Schwäbische Zeitung (Sigmaringen)
Der AfD-„Flügel“ist wohl Geschichte
Die rechtsextreme Parteigliederung soll aufgelöst werden – zumindest auf dem Papier
BERLIN (AFP) - Der rechtsextreme „Flügel“in der AfD löst sich offenbar auf. Sein Gründer Björn Höcke sagte am Samstag, die vom AfD-Bundesvorstand geforderte Auflösung sei „ein Vorgang, den der 'Flügel' längst umsetzt: seine Historisierung“. Der AfD-Vorstand hatte am Freitag die Auflösung des „Flügels“bis Ende April gefordert, nachdem der Verfassungsschutz ihn als rechtsextrem eingestuft hatte. Die Linke nannte die Auflösungsankündigung ein „Täuschungsmanöver“.
Auf seiner Facebook-Seite stellte der „Flügel“klar, dass es am Samstag keinen formellen „Beschluss“zur Auflösung des Netzwerks gegeben hatte, wie einige Medien berichtet hatten. „Zutreffend ist, dass wir uns derzeit intensiv mit der Bewertung und möglichen fristgemäßen Umsetzung des Bundesvorstandsbeschlusses zum Flügel beschäftigen.“Für weitere Informationen wurde auf das Höcke-Interview verwiesen. Höcke äußerte sich im Gespräch mit dem neurechten Verleger Götz Kubitschek, das auf dessen Webseite veröffentlicht wurde. Seit der „Flügel“-Gründung 2015 habe sich „die AfD sehr gut entwickelt“, sagte Höcke. Das Netzwerk habe die AfD maßgeblich geprägt. „Nun brauchen wir einen Impuls, der über den Flügel hinausweist und die Einheit der Partei betont“, fügte der thüringische Landes- und Fraktionschef an.

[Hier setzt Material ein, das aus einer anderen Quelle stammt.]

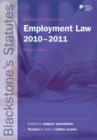 Image for Blackstone&#39;s statutes on employment law 2010-2011
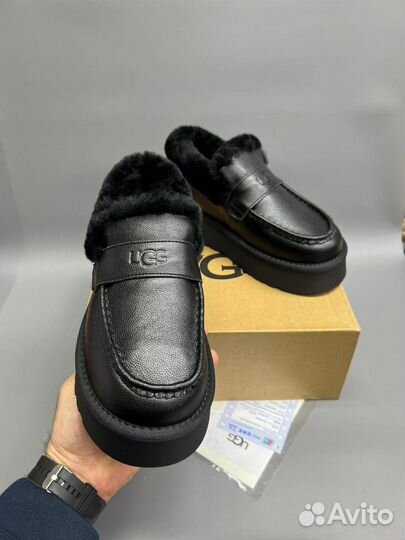 Лоферы женские UGG на меху зима Размер 36-40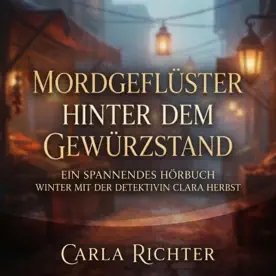 Cover des Hörbuchs „Mordgeflüster hinter dem Gewürzstand“ von Carla Richter – Kategorie Krimi & Thriller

„Nun geht das, worüber wir längst nachdenken, eben schneller“, sagte Höcke weiter. Brandenburgs AfDChef Andreas Kalbitz, er und andere „politikfähige Flügler“würden „ihren
politischen Kurs im Sinne der AfD weiterführen“. Das Netzwerk habe nicht nur „geeignete Leute angezogen“, sagte Höcke und sprach von „Verfilzungen“mit dem „Establishment“. Höcke sagte, ohne „Flügel“wäre die AfD „keine Alternative“mehr: „Der 'Flügel' weiß, was er geleistet hat.“Das Netzwerk habe verhindert, dass die Partei ein „Mehrheitsbeschaffer“wie die konservative Werteunion in der CDU geworden sei, sagte der AfD-Rechtsaußen. Kalbitz wollte die Auflösung der Gruppierung nicht bestätigen, wie das ARD-Hauptstadtstudio berichtete. Er bleibe gegenüber dem Bundesvorstand gesprächs- und kompromissbereit, sagte er.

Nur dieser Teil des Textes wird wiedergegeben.